When I look at top sched_switch kstacks on s390 with this workload, 20% 
of them are worker_thread() -> schedule(), both with CONFIG_PREEMPT and 
CONFIG_PREEMPT_LAZY. The others are vhost and idle.

On x86 I see only vhost and idle, but not worker_thread().


According to runqlat.bt, average run queue latency goes up from 4us to 
18us when switching from CONFIG_PREEMPT to CONFIG_PREEMPT_LAZY.

I modified the script to show per-comm latencies, and it shows 
that worker_thread() is disproportionately penalized: the latency 
increases from 2us to 60us!

For vhost it's better: 5us -> 2us, and for KVM it's better too: 8us -> 2us.


Finally, what is the worker doing? I looked at __queue_work() kstacks, 
and they all come from irqfd_wakeup().

irqfd_wakeup() calls arch-specific kvm_arch_set_irq_inatomic(), which is 
implemented on x86 and not implemented on s390.


This may explain why we on s390 are the first to see this.

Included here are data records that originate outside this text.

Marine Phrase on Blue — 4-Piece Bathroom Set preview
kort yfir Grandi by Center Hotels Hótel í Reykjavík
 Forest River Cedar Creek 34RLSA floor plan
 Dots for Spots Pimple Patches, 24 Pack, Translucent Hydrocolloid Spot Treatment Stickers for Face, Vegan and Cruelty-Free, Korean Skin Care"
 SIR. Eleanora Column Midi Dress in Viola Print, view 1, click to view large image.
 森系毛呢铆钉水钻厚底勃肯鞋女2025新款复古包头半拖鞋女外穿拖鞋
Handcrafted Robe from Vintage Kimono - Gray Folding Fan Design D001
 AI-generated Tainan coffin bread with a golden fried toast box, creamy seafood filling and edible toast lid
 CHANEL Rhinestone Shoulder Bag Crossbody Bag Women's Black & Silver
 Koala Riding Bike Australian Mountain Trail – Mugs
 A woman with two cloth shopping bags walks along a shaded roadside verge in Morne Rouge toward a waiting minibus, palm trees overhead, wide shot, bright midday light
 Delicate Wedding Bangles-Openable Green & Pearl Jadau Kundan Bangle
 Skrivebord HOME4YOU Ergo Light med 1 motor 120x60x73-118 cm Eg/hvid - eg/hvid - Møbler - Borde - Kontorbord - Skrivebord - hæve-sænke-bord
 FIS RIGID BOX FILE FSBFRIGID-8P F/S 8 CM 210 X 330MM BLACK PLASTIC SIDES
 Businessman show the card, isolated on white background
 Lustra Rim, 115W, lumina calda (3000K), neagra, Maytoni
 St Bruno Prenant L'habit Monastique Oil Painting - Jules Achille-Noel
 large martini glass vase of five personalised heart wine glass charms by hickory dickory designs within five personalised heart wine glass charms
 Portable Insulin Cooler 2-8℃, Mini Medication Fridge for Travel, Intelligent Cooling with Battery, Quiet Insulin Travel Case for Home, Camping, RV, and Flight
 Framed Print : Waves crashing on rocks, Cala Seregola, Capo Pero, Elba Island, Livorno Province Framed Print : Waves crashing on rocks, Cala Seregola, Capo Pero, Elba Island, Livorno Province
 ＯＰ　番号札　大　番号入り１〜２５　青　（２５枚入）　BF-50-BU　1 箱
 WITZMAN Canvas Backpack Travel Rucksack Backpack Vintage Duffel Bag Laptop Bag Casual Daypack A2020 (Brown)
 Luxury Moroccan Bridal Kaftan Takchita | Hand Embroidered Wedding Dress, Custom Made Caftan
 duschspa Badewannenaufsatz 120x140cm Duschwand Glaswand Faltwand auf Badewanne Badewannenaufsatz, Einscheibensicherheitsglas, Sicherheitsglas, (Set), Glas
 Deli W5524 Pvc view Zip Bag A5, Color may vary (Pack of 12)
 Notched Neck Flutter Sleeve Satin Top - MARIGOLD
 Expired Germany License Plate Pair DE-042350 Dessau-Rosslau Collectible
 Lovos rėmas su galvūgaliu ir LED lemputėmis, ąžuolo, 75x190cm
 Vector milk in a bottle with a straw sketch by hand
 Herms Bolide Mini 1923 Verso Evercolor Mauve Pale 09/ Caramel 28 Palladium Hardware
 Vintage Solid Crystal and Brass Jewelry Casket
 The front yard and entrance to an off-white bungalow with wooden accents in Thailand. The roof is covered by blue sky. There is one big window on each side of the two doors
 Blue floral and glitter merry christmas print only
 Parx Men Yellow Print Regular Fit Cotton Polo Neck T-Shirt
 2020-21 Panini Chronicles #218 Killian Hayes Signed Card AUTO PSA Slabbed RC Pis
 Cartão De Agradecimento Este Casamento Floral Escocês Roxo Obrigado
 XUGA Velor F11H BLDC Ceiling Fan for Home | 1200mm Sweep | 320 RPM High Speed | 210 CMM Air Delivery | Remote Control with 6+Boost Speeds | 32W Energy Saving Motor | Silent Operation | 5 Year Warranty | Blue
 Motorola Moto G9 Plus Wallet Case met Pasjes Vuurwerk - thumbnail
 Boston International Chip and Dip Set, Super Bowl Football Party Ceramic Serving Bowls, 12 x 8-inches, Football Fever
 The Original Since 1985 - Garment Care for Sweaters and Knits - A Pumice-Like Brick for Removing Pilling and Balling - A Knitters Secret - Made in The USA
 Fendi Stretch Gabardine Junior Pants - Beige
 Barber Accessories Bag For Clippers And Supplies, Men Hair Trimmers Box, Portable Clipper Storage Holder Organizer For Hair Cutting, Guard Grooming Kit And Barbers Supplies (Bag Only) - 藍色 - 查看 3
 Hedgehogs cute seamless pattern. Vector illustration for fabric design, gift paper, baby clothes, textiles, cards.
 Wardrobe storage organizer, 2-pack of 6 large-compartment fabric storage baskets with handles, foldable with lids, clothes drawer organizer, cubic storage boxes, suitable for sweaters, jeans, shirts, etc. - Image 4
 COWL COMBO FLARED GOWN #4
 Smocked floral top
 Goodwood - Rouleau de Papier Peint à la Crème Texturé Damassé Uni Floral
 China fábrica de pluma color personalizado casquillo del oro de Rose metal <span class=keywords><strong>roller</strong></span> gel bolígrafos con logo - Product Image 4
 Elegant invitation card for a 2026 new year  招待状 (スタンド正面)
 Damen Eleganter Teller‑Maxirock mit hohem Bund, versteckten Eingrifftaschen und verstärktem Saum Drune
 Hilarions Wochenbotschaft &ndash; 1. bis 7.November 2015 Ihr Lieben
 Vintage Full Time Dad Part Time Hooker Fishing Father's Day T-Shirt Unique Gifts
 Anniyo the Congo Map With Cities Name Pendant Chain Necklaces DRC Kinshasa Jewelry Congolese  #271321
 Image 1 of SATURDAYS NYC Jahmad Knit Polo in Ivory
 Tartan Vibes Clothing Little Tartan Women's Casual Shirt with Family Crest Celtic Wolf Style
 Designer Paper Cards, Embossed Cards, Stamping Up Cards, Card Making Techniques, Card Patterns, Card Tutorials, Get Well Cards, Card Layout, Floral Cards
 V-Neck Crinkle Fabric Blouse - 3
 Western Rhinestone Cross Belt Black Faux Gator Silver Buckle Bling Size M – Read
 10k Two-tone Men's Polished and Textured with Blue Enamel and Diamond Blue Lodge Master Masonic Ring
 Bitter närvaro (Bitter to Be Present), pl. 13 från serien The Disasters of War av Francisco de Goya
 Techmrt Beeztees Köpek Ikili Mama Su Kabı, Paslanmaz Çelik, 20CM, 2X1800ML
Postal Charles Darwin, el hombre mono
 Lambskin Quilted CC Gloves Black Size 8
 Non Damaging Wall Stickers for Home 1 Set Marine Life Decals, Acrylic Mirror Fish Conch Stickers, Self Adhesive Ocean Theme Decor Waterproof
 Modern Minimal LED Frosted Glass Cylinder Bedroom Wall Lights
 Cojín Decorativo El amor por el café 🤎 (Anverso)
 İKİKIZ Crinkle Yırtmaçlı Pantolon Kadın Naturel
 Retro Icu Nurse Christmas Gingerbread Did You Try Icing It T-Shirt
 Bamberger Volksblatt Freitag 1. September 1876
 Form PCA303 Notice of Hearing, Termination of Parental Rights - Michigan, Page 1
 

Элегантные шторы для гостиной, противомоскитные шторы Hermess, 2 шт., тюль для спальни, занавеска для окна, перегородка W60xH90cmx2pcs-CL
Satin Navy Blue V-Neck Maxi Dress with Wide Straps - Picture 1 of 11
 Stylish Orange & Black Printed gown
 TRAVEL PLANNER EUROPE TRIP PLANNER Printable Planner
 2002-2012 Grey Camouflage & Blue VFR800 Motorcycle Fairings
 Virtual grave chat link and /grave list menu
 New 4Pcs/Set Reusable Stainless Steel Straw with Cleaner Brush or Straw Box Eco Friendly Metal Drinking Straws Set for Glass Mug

Christian, do you think if it would make sense to 
implement kvm_arch_set_irq_inatomic() on s390?


^ permalink raw reply	[flat|nested] 8+ messages in thread

* Re: [PATCH] sched: Further restrict the preemption modes
  2026-02-24 17:11   ` Sebastian Andrzej Siewior
@ 2026-02-25  9:56     ` Ciunas Bennett
  0 siblings, 0 replies; 8+ messages in thread
From: Ciunas Bennett @ 2026-02-25  9:56 UTC (permalink / raw)
  To: Sebastian Andrzej Siewior
  Cc: Peter Zijlstra, mingo, Thomas Gleixner, juri.lelli,
	vincent.guittot, dietmar.eggemann, rostedt, bsegall, mgorman,
	vschneid, clrkwllms, linux-kernel, linux-rt-devel, Linus Torvalds,
	linux-s390



On 24/02/2026 17:11, Sebastian Andrzej Siewior wrote:
> On 2026-02-24 15:45:39 [+0000], Ciunas Bennett wrote:

>> Changing guest configuration to disable mergeable RX buffers:
>>        <host mrg_rxbuf="off"/>
>>        had a clear effect on throughput:
>>        PREEMPT_LAZY: throughput improved from 40 Gb/s → 60 Gb/s
>>
> 
> Brings this the workload/ test to PREEMPT_FULL level?
>

Sorry was not clear here, so when I enable this there is also an improvement in PREEMPT_FULL
from 55Gb/s -> 60Gb/s

So I see an improvement in both test cases.
PREEMPT_LAZY: throughput improved from 40 Gb/s → 60 Gb/s
PREEMPT_FULL: throughput improved from 55 Gb/s → 60 Gb/s

^ permalink raw reply	[flat|nested] 8+ messages in thread

* Re: [PATCH] sched: Further restrict the preemption modes
  2026-02-25  2:30   ` Ilya Leoshkevich
@ 2026-02-25 16:33     ` Christian Borntraeger
  2026-02-25 18:30       ` Douglas Freimuth
  0 siblings, 1 reply; 8+ messages in thread
From: Christian Borntraeger @ 2026-02-25 16:33 UTC (permalink / raw)
  To: Ilya Leoshkevich, Ciunas Bennett, Peter Zijlstra, mingo,
	Thomas Gleixner, Sebastian Andrzej Siewior
  Cc: juri.lelli, vincent.guittot, dietmar.eggemann, rostedt, bsegall,
	mgorman, vschneid, clrkwllms, linux-kernel, linux-rt-devel,
	Linus Torvalds, linux-s390, Douglas Freimuth, Matthew Rosato,
	Hendrik Brueckner

Am 24.02.26 um 21:30 schrieb Ilya Leoshkevich:
> Finally, what is the worker doing? I looked at __queue_work() kstacks, and they all come from irqfd_wakeup().
> 
> irqfd_wakeup() calls arch-specific kvm_arch_set_irq_inatomic(), which is implemented on x86 and not implemented on s390.
> 
> 
> This may explain why we on s390 are the first to see this.
> 
> 
> Christian, do you think if it would make sense to implement kvm_arch_set_irq_inatomic() on s390?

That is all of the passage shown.